» **What the task asks**:
Please copy the lines below exactly, from the first one through the line showing "Gangaikonda Cholapuram was".

Saved data entries
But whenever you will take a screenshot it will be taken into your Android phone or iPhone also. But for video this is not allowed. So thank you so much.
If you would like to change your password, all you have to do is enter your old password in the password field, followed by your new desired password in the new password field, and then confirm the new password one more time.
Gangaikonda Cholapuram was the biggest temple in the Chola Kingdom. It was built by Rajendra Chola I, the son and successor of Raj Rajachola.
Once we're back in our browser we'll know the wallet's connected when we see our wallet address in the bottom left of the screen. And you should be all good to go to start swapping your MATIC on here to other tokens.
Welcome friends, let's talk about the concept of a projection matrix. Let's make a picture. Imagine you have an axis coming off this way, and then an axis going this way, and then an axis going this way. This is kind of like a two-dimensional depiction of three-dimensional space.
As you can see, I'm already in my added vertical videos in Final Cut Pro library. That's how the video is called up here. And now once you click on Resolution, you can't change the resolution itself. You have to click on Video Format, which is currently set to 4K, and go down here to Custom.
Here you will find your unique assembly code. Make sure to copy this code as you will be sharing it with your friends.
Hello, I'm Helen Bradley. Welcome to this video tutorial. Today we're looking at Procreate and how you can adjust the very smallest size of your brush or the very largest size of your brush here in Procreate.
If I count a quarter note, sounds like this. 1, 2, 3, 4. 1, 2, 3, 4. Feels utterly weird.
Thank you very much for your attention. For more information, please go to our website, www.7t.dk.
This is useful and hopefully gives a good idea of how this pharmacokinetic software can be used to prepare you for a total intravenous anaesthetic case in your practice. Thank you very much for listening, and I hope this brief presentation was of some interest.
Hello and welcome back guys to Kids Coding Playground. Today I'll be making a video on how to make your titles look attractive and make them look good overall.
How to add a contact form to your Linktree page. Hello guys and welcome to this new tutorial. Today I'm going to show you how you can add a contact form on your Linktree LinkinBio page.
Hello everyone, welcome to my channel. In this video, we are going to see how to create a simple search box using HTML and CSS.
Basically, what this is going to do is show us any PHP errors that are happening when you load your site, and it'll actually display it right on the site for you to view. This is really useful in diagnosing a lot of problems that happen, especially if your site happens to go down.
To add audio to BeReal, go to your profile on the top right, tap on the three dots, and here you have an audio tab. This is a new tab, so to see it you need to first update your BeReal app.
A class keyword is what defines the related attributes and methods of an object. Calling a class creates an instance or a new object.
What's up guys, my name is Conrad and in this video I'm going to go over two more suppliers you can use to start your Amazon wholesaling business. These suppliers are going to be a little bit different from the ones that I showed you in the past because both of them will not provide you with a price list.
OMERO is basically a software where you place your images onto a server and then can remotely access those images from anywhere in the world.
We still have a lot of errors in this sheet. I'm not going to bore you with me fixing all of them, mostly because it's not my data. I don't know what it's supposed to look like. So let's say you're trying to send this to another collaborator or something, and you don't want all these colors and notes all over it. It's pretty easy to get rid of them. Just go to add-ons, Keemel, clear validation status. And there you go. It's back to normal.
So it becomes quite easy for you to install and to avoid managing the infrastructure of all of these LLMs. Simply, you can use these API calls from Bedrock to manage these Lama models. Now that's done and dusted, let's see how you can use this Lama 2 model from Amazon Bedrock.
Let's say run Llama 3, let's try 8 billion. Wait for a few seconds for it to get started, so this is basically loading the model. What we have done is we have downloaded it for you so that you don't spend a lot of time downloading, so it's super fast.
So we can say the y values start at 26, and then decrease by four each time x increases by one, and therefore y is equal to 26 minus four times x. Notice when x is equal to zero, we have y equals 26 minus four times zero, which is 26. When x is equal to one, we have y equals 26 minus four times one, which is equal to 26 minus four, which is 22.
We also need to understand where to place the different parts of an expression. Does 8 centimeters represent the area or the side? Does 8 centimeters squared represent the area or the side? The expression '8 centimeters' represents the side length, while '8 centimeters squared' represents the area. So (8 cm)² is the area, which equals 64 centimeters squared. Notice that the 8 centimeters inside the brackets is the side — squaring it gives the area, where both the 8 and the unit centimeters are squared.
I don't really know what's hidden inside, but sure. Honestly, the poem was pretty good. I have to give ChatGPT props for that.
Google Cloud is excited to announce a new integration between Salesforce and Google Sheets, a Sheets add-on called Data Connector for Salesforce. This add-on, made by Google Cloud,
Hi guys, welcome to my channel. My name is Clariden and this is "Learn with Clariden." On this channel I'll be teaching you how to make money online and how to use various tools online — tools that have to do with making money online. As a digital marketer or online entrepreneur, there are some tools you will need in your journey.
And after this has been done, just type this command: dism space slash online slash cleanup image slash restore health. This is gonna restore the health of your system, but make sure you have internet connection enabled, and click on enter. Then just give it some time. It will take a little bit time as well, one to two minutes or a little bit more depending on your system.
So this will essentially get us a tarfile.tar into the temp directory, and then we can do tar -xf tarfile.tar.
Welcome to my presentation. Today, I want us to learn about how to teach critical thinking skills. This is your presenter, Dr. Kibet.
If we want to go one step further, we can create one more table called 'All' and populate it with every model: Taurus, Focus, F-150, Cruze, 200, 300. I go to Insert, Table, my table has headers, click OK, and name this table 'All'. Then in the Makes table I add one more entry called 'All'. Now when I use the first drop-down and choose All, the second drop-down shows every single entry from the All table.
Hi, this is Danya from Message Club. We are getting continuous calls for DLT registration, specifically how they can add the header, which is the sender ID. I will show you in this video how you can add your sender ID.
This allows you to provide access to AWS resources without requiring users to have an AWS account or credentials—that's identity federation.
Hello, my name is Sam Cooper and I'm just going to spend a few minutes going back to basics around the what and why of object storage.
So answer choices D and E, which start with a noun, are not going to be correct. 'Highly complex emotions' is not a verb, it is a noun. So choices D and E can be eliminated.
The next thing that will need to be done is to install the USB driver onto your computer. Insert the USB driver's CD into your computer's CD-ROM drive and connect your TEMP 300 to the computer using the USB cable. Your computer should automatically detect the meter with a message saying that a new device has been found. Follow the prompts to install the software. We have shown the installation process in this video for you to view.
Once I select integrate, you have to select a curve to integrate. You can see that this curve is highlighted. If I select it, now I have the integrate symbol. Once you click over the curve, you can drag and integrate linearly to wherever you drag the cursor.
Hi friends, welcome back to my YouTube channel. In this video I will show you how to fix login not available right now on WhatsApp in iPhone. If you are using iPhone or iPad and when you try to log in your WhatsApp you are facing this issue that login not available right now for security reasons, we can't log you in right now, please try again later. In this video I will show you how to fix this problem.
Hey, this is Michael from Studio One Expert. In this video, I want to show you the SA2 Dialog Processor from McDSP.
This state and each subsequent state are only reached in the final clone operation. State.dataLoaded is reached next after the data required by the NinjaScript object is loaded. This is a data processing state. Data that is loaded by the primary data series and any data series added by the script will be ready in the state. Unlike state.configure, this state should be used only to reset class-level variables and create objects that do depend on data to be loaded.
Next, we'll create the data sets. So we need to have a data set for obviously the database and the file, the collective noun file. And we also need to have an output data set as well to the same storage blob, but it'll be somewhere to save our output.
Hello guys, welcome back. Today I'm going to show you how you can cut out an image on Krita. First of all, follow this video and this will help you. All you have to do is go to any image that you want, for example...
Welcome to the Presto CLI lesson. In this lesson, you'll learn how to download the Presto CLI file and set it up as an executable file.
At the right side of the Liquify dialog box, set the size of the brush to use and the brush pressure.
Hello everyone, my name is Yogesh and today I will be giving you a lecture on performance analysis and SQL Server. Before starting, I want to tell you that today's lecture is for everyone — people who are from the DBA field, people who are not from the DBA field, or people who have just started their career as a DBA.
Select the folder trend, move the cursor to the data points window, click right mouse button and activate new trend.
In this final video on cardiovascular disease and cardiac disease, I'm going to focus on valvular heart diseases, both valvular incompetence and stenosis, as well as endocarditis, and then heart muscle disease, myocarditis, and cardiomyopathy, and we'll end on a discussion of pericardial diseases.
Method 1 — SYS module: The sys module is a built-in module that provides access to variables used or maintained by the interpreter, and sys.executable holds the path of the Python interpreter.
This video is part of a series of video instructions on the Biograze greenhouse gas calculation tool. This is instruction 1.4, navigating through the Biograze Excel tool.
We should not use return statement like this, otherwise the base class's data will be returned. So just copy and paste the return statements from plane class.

» **Response to the task**:
But whenever you will take a screenshot it will be taken into your Android phone or iPhone also. But for video this is not allowed. So thank you so much.
If you would like to change your password, all you have to do is enter your old password in the password field, followed by your new desired password in the new password field, and then confirm the new password one more time.
Gangaikonda Cholapuram was the biggest temple in the Chola Kingdom. It was built by Rajendra Chola I, the son and successor of Raj Rajachola.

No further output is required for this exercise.